The elephant in the room here, at least to me, is the existence of LR (and GLR) parsing techniques that are faster than PEG, also powerful enough to handle the examples mentioned, and have the added advantage of requiring you to sort out or explicitly allow ambiguities in your grammar before it will compile.
I would like to add Earley parsing, especially with the Leo optimizaiton to the mix. These are especially easy to implement.
I’ll add sklogic’s trick of using two parsers: one like LALR to be fast if no errors; one good at dealing with errors. If ambiguity remains, replace first with hybrid like Elkhound that includes GLR as an option.
A blog post by the author of the Janet programming language on the topic of PEGS and how they work:
I think https://leafo.net/guides/parsing-expression-grammars.html is a good introduction as well, more from a user’s point of view.

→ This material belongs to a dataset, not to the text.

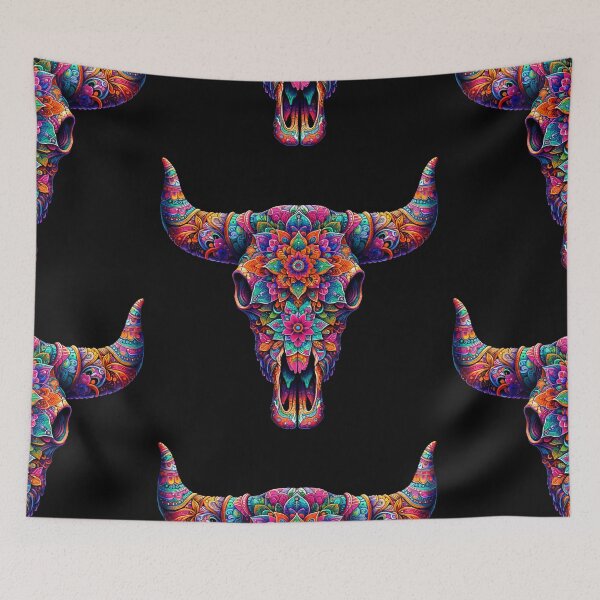 Item preview, Polish Pottery Folk Art Abstract Bull Skull designed and sold by Pati-Design.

The lead author of Lua authored one of the main PEG libraries (http://www.inf.puc-rio.br/~roberto/lpeg/). It is widely used in the community for a lot of things, however the parser of Lua itself is still custom, hand-written C. The reason is mostly performance, I think: storing data as Lua source code used to be very common, and I there are still code bases out there that evaluate 100 MB files regularly.

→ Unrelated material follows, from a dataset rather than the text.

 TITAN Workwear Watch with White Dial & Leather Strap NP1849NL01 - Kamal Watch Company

I personally haven’t heard about many 100 MB Lua scripts, although I did find a parsing related bug with an 80 MB script that caused performance problems.

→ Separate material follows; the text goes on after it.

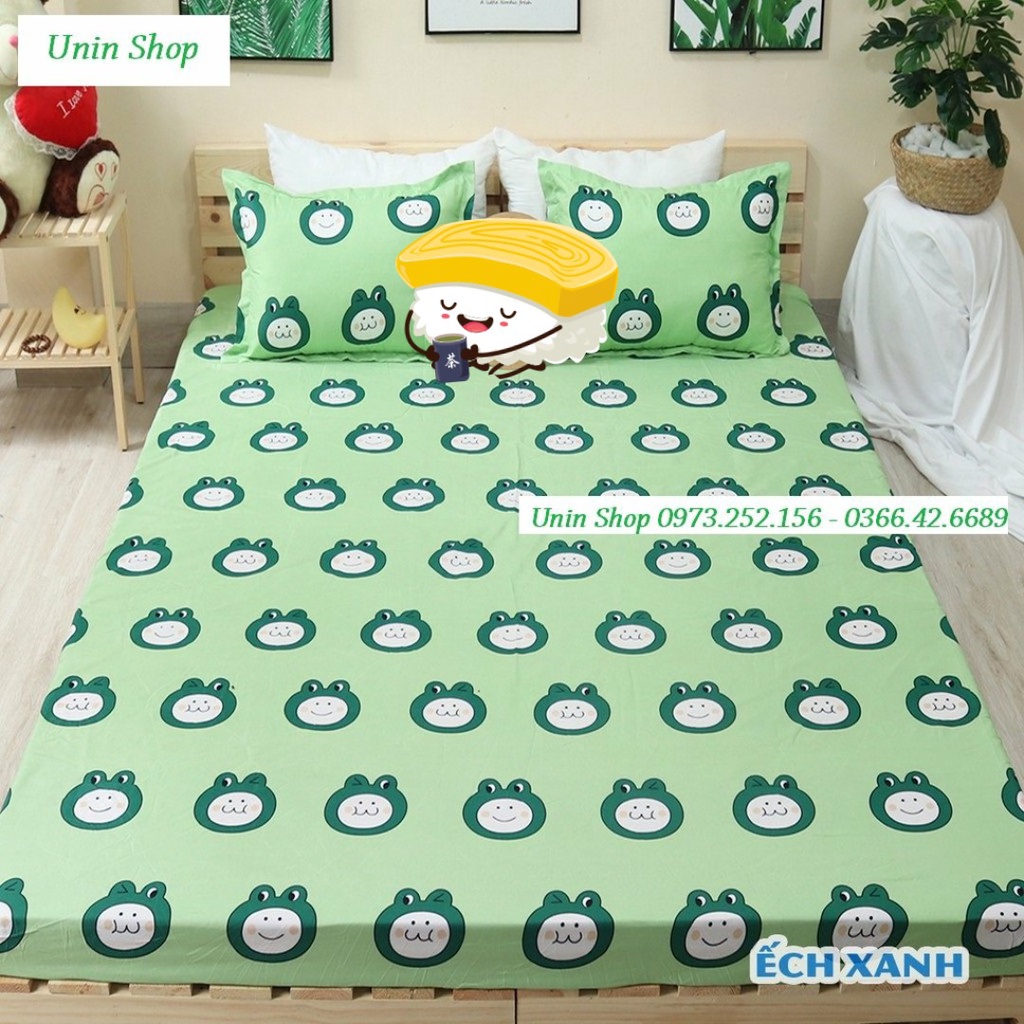 | Bộ 3 món ga kèm 2 áo gối m6/m8/2m2, drap bo chun bọc nệm mẫu Khủng long bơ poly cotton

I use LPEG a lot—to the point where I tend to use it over the build in Lua patterns (which are somewhat like regular expressions). I even used it at work for real time processing of SIP messages and we really haven’t had performance issues dealing with millions of calls per day. The killer feature for me? LPEG expressions are composable which makes it easier to write and test grammars.
There’s a great D project called pegged where you write the PEG grammar as a string and the D compiler produces a parser for it!